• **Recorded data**
######

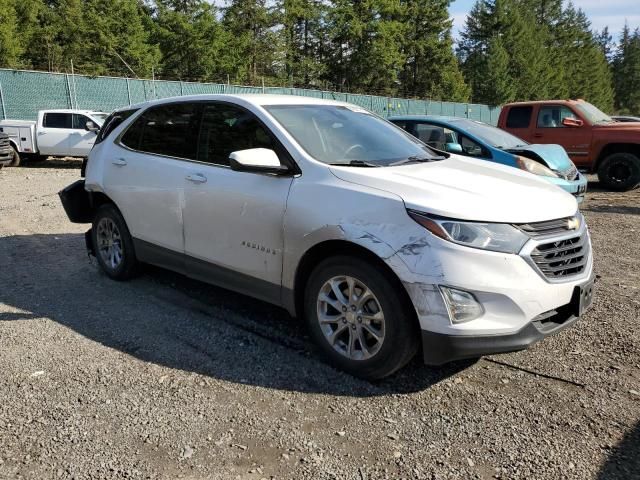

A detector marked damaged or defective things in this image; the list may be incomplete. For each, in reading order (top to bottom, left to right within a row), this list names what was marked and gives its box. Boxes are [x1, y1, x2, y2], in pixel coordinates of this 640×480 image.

broken side mirror [229, 149, 292, 175]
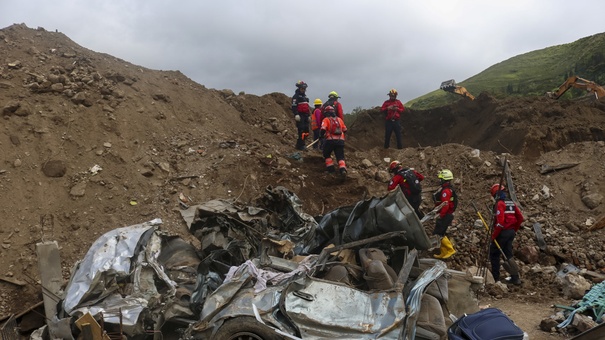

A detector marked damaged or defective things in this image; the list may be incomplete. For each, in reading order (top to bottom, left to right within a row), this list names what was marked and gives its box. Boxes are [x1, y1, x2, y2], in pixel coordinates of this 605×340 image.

crushed vehicle [30, 187, 474, 338]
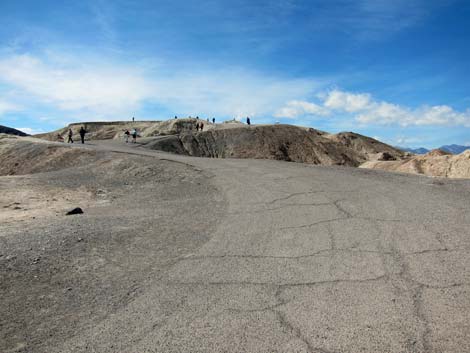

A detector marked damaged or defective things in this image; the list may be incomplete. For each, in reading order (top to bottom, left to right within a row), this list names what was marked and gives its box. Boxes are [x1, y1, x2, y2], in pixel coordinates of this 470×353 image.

cracked asphalt surface [0, 139, 470, 350]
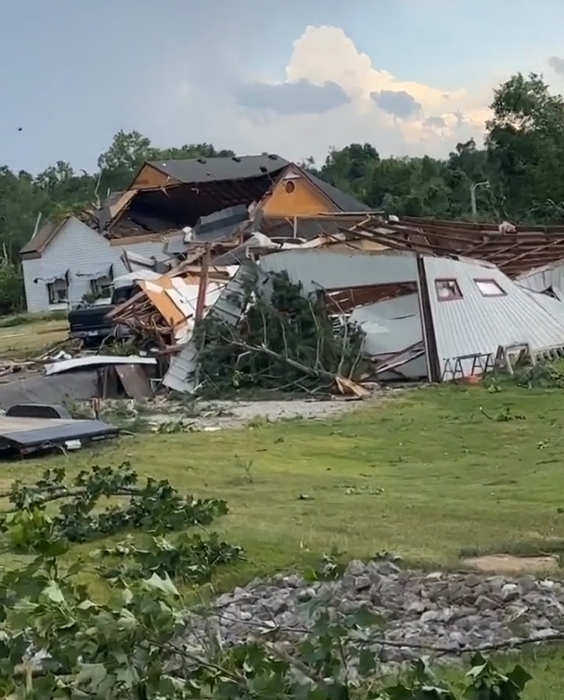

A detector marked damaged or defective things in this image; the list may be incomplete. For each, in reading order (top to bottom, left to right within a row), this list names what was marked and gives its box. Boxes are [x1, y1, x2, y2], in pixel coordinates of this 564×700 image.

broken window frame [46, 278, 69, 304]
broken window frame [436, 278, 462, 300]
broken window frame [474, 278, 504, 296]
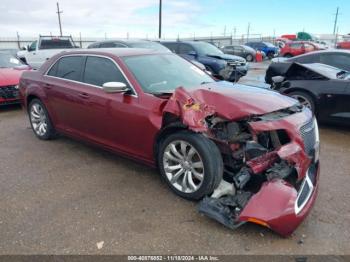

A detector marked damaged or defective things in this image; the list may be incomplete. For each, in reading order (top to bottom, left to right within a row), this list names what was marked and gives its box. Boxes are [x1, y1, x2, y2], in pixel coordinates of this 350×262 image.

crumpled hood [0, 66, 27, 86]
crumpled hood [164, 81, 298, 131]
damaged front end [161, 85, 320, 236]
damaged front end [197, 105, 320, 237]
detached bumper piece [197, 192, 252, 229]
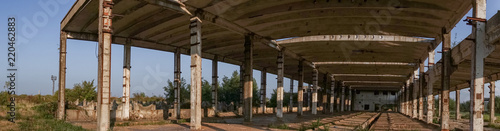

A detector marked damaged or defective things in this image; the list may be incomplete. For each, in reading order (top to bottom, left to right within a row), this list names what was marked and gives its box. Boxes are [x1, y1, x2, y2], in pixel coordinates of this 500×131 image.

rusted metal beam [95, 0, 111, 130]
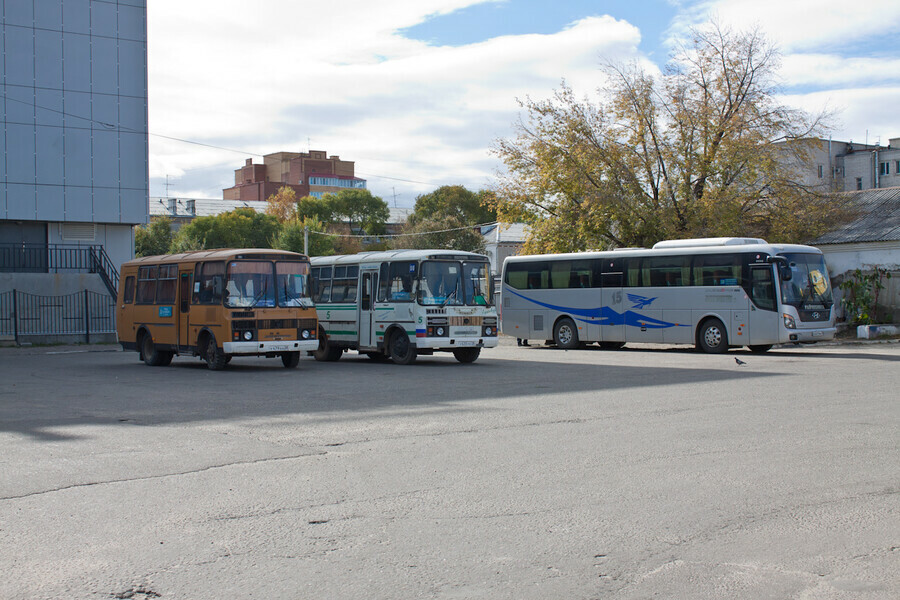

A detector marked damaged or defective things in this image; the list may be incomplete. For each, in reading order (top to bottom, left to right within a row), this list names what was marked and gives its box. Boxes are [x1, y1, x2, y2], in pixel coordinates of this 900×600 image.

cracked asphalt [1, 340, 900, 596]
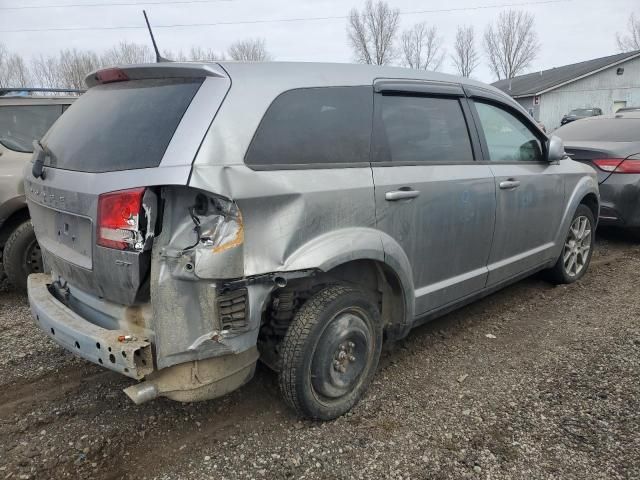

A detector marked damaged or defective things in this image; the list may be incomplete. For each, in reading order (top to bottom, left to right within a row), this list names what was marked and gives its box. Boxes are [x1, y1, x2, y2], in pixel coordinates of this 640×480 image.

broken taillight [97, 188, 146, 251]
exposed wheel well [580, 191, 600, 223]
detached rear bumper [26, 274, 154, 378]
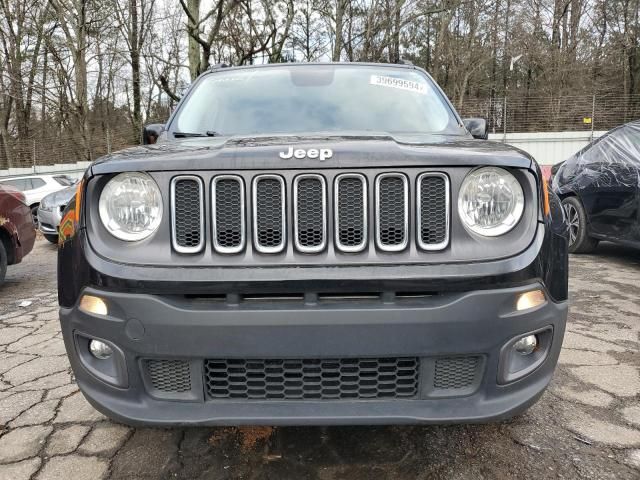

######

• **Exercise prompt**
Please write out all the data again word for word, but not the pictures.

• **Written solution**
A detector marked damaged or defective things in this image; the list may be incomplete. For each, in reading order (top to bottom, left to right within a row), this list names what was marked and gives its box. Boxes are [x1, y1, x2, y2], in pixel coordinates of this 640×480 image.

broken side mirror [229, 149, 292, 175]

A detector marked damaged or defective things in this image; the list may be incomplete. For each, in reading order (top to bottom, left to right within a row), this list names what was marked and gives its box. Boxes are [x1, y1, x2, y2], in pixel coordinates of this 605×340 image.

crushed vehicle [30, 187, 474, 338]

A detector marked damaged or defective things in this image; the list may be incomplete. For each, in reading order (top to bottom, left to right within a row), this list names what was marked and gives its box. Boxes are [x1, y1, x2, y2], in pixel coordinates of this 470×353 image.

cracked asphalt surface [0, 139, 470, 350]

A detector marked damaged or defective things in this image; the list may be incomplete. For each, in reading order (top to bottom, left to right within a row), this list names what was marked and gives its box. Boxes are [x1, y1, x2, y2], in pixel coordinates of this 564×700 image.

broken window frame [46, 278, 69, 304]
broken window frame [436, 278, 462, 300]
broken window frame [474, 278, 504, 296]

A detector marked damaged or defective things in this image; the list may be incomplete. For each, in reading order (top to bottom, left to right within a row), this list names what was marked and gives its box. Boxes are [x1, y1, x2, y2], in pixel coordinates of this 350×262 image.

crumpled hood [0, 66, 27, 86]
crumpled hood [164, 81, 298, 131]
damaged front end [161, 85, 320, 236]
damaged front end [197, 105, 320, 237]
detached bumper piece [197, 192, 252, 229]

A detector marked damaged or defective things in this image; the list may be incomplete. For each, in reading order (top to bottom, left to right within a row), this list names what was marked and gives its box. Boxes are [x1, y1, x2, y2], in pixel coordinates of this 500×131 image.

rusted metal beam [95, 0, 111, 130]

A detector marked damaged or defective things in this image; the list may be incomplete. For each, in reading order (top to bottom, left to right within a row), this list names what was marked and gives its box. Boxes are [x1, y1, x2, y2], in pixel coordinates of this 900×600 image.

cracked asphalt [1, 340, 900, 596]

A detector marked damaged or defective things in this image; the list may be incomplete. For each, in reading order (top to bottom, left to right within a row), this list names what was marked and gives its box. Boxes are [x1, y1, x2, y2], in pixel coordinates of this 640×480 image.

broken taillight [97, 188, 146, 251]
exposed wheel well [580, 191, 600, 223]
detached rear bumper [26, 274, 154, 378]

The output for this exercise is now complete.